Even today, many releases are based on feature requests submitted by users, such as the OpenAPI support released earlier this year or the upcoming GraphQL support. Postman interacts with the community through forums like GitHub, Discourse, and Stackoverflow and always ensures that all legitimate requests and feedbacks have been responded to. As Ankit says, “At Postman, the onus of acting on feedback doesn’t just lie with the support team, but on all of us. Because, when Postman was a three-member team, the process of being in tune with community needs was instrumental. And, as we supercharge our growth, we want everyone in the organization to have the same experience.” The user feedback is tracked both qualitatively and quantitatively, “to get a view of the sentiment and package it in a way that ensures people are constantly building things faster and better.”


Postman Values


Even before Postman was formed as a company, the three co-founders sat together and drafted Postman’s values. These weren’t just words that would be printed on a pamphlet and gather dust on a bulletin board. The values were meant to run through every decision that the company made, from product releases to hiring. “We realized that what made us stick around even when we didn’t hold the designation as co-founders was the set of values we believed in. And we knew we needed people who believed not just in the technology, but also the values.”
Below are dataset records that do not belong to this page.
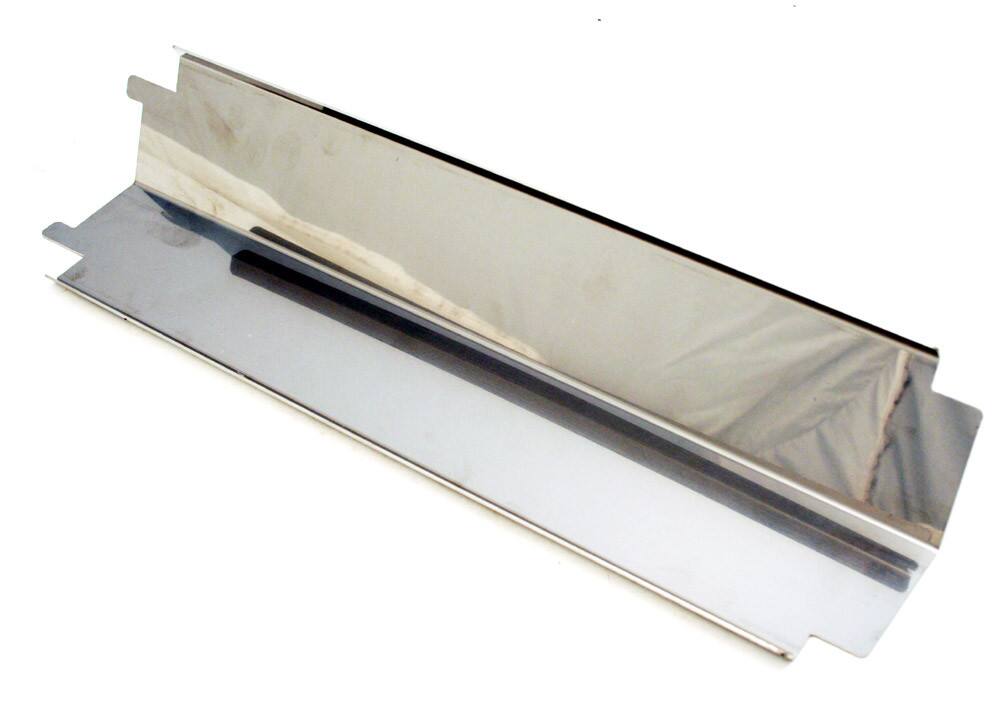 Alt View 2. Music City Metals - Music City Metals - MCM919401114 heat plate, ss, 15 x 4.1875; Centro.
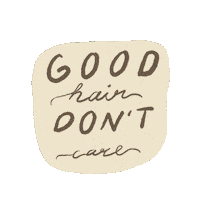 Rediscover Good Hair Day Sticker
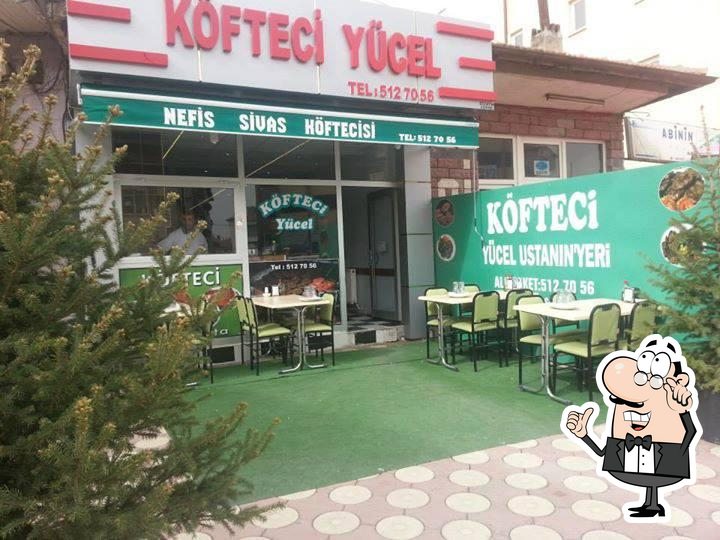 Şarkışla Sivas Köfte Yücel Usta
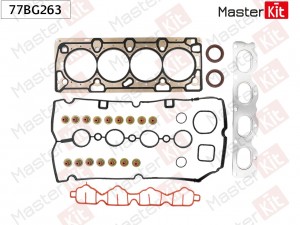 Комплект прокладок ГБЦ OPEL A16XER 77BG263 77BG263 MASTER KIT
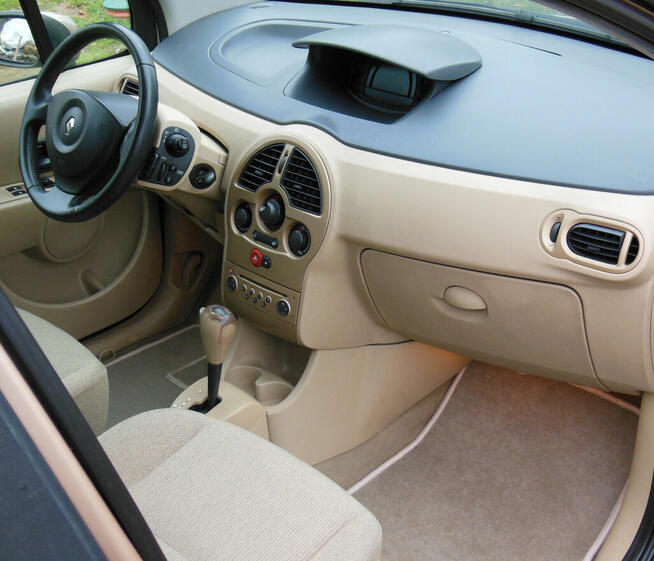 Renault Modus 1,6 LPG Automat Klima Cynków - zdjęcie 10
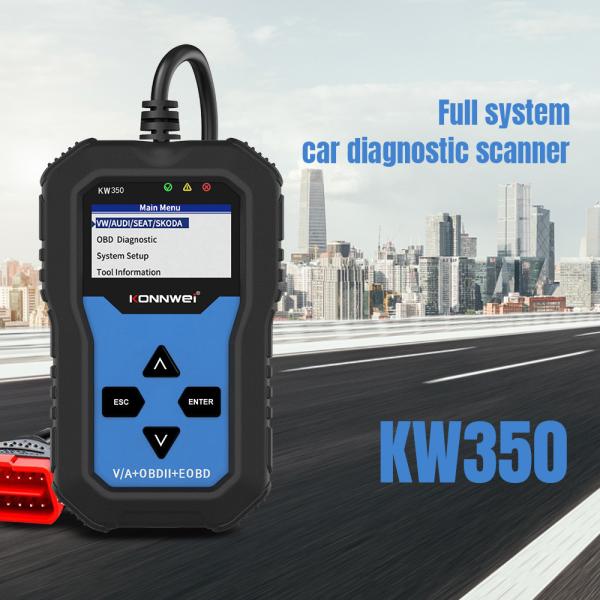 Buy OBD2 Engine Transmission Car Diagnostic Scanner For Volkswagen / VAG at wholesale prices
Postman abides by five principal values, which Ankit describes as, “simple enough to understand, but hard enough to implement”, of creating with curiosity, earning trust, taking ownership, winning together and embracing constraints. “When we fail, no fingers are pointed. When we win, we win together.” This philosophy makes Postman successful both as a company and as a product.


As Postman continues to make API development easier, faster and better for its users and itself, credit for its success goes to its active community of over 6 million developers, its frequent use of its own product, a feedback-based business model, and strict adherence to the values on which it was founded. These conditions are what drives continuous improvement and growth at Postman.